The zoning amendment is part of a subdivision proposal from Secret Cove Heights Development Inc. for property at the end of Stephen’s Way, above Highway 101.
The property is zoned Rural Two (RU2) and has the designation of Resource under the Halfmoon Bay Official Community Plan (OCP). The applicant has proposed changing the OCP designation to Rural Residential, with site-specific uses added to the RU2 zoning, intended to enable home-based businesses and “maker spaces” that depend on high-speed internet, and to allow for small-scale agriculture.
On Jan. 9, Nicole Huska, the development’s representative, returned to the SCRD’s planning and community development committee to update directors on the proposal. She had presented to directors in March 2019 but directors had delayed sending the proposal for first reading to get more public feedback.
Proposed site-specific RU2 uses that were discussed in the initial proposal remain largely the same – it would combine elements of the rural residential and agricultural zones.
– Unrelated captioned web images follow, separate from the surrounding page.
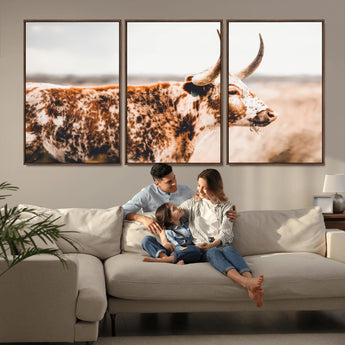 11528295-MGV-CV-36X24-Speckled Longhorn Wall Art Canvas Print, Framed Texas Cattle Art Picture Print, Horned Cow Perfect Rustic Western Decor Artwork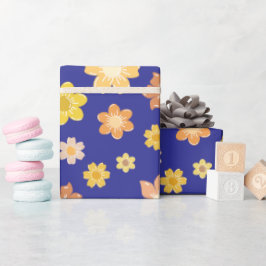 Herbstliche Blume Mitternacht blaues, nahtloses Ho Geschenkpapier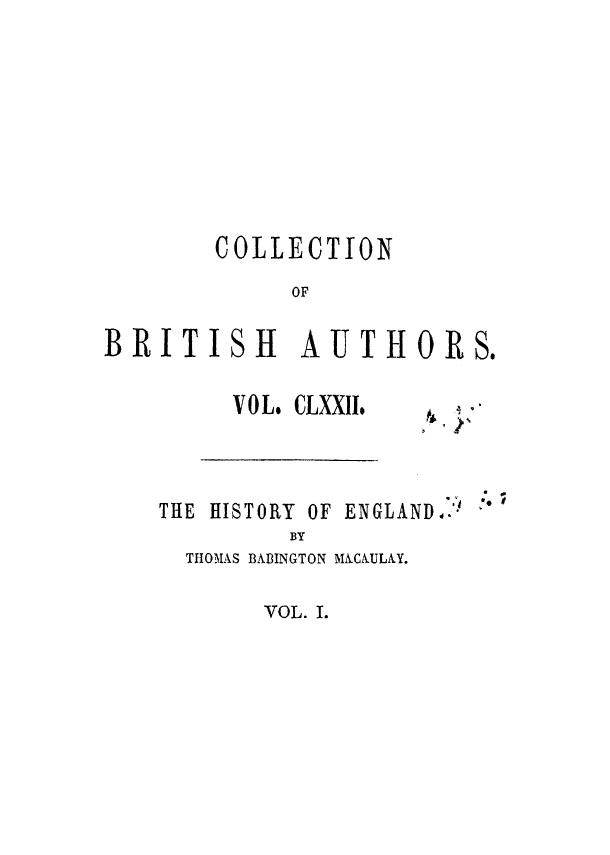 BY Thomas Babington Macaulay - The history of england . vol. 1 by 1849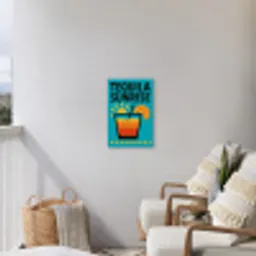 Illustratie - Tequila - Glas - Blauw Tuinposter op houten frame 2 cm dik klein -sfeer1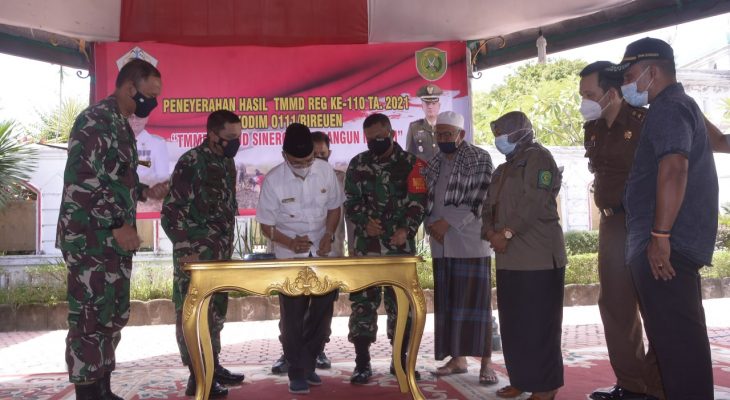 Irdam IM Brigjen TNI Niko Resmi Tutup TMMD Ke-110 Kodim 0111/ Bireuen
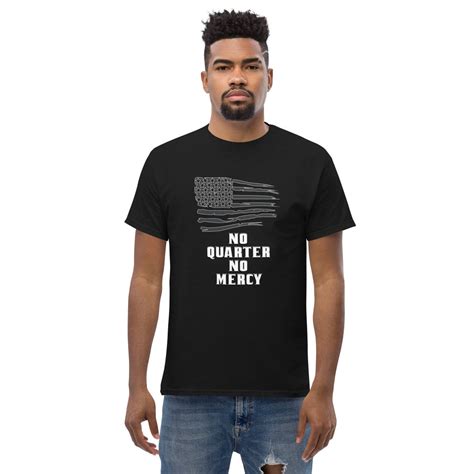 Black American Flag Tshirt No Quarter Given No Mercy Unisex Etsy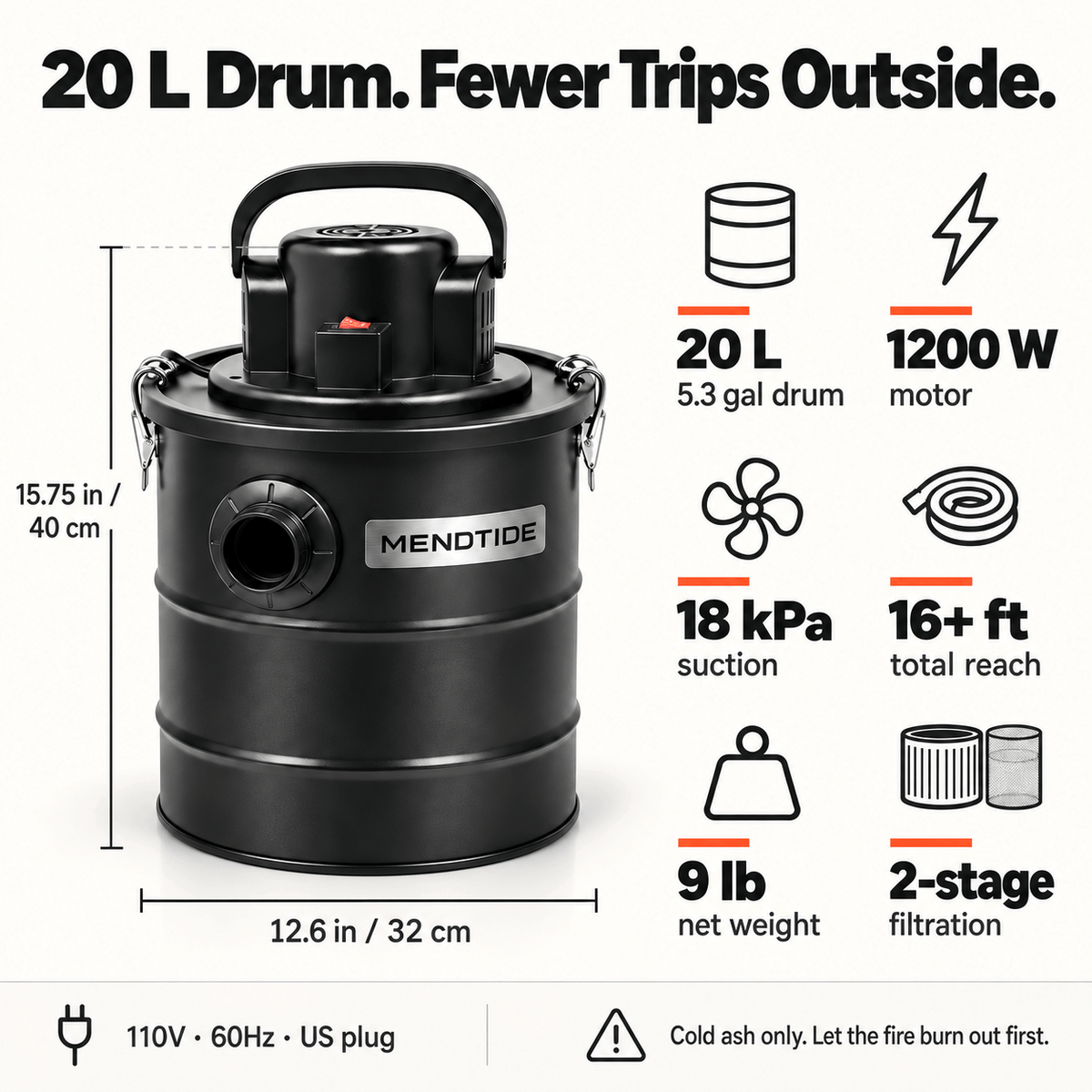 🔥 MENDTIDE Fireplace Ash Vacuum – 20 L Steel Drum, 1200 W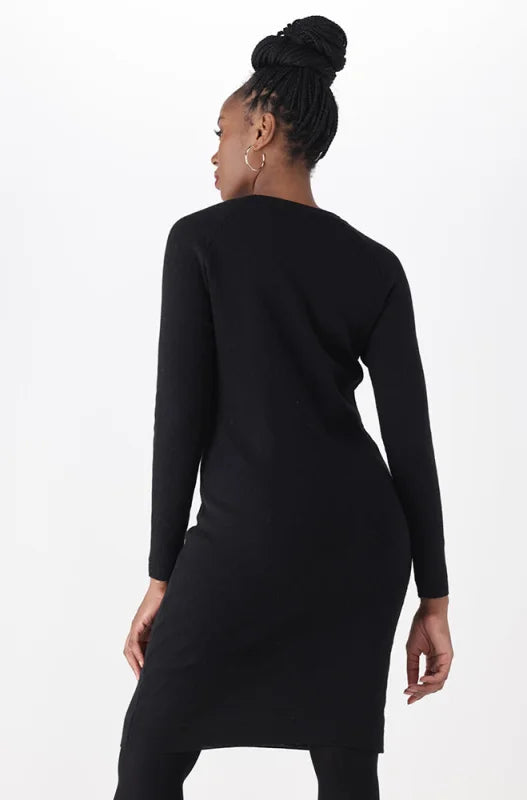 Dunns Clothing | Ladies | TAMMY KNIT BUTTON DETAIL DRESS _ 146265 Black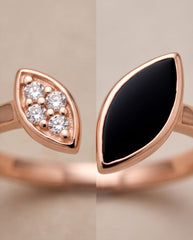 Black Enamel with CZ Adjustable Ring In 925 Silver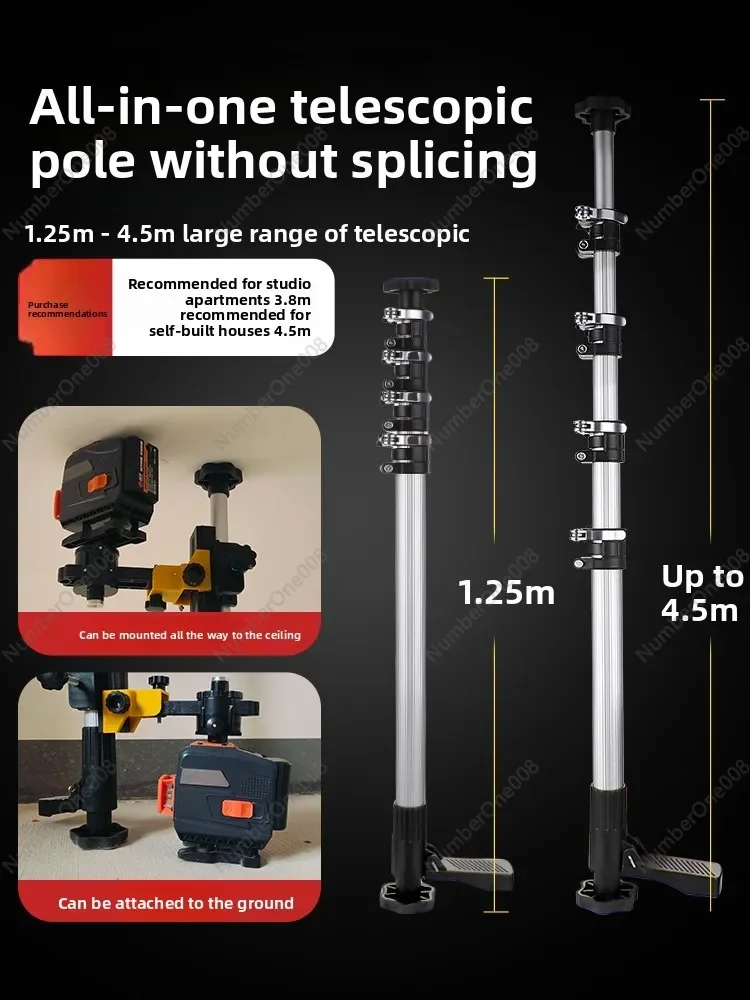 Lightweight Aluminum Leveling Rod, Telescopic Laser Level Pole with Secure Lock, Portable Support Tripod Stand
To support home businesses, parcel coverage would increase from 15 to 35 per cent and the number of employees allowed to work onsite would increase from one to four. Residential dwellings would be limited to one principal dwelling and one auxiliary dwelling and limits would be placed on the size of each, “to prevent over-sized estate homes,” according to the staff report.
The revised proposal would also see subject lands increase from 14 hectares to approximately 19 hectares and the number of one-hectare lots would increase from 12 to 15.
Staff recommended that directors abandon the proposal since it doesn’t conform to Halfmoon Bay’s OCP, wasn’t supported by the Halfmoon Bay Advisory Planning Commission (APC) and could “potentially encourage residential sprawl.”
According to the staff report notes, the Halfmoon Bay APC recommended refusing the proposal and asked the SCRD to provide more details about the rural dynamic zone and where it could apply on the Sunshine Coast.
Rural directors were divided on the proposal.
Despite the Halfmoon Bay APC’s resistance, Area B director Lori Pratt spoke in favour of proceeding. She said the location is becoming a hub already and wanted to see the amendment proceed to first reading to get more “robust community feedback.” During her presentation, Huska suggested despite her efforts, public feedback was limited.
Roberts Creek director Andreas Tize also voted in support of the amendments, but suggested the rural dynamic zone would be better suited to a regional growth discussion. He called it “frustrating,” however, since doing so would likely push any decisions to “four or five years down the road, because that’s how long growth strategies take.” He was also concerned about whether it could set a precedent for the Roberts Creek area.
Also supporting moving ahead with first reading was Area A director Len Lee. He called the zoning a mechanism that could enable self-sufficiency through agriculture and home business. “I’m not for urban sprawl, but I don’t see this as urban sprawl. I see this as appropriate use of a rural area.”
Those three votes were enough for the proposal to move to the board for first reading.
Both Elphinstone director Donna McMahon and Area F director Mark Hiltz voted against, arguing the zoning could result in sprawl, which could lead to increased costs for the SCRD to maintain infrastructure, which is already an ongoing challenge.
McMahon acknowledged that current zoning may be too rigid to deal with the economic realities of living on the Sunshine Coast, and the issues raised by Huska’s proposal should be examined further, but ultimately, she couldn’t support it because of those potential servicing costs. “I just have to say, great idea, but in the wrong place.”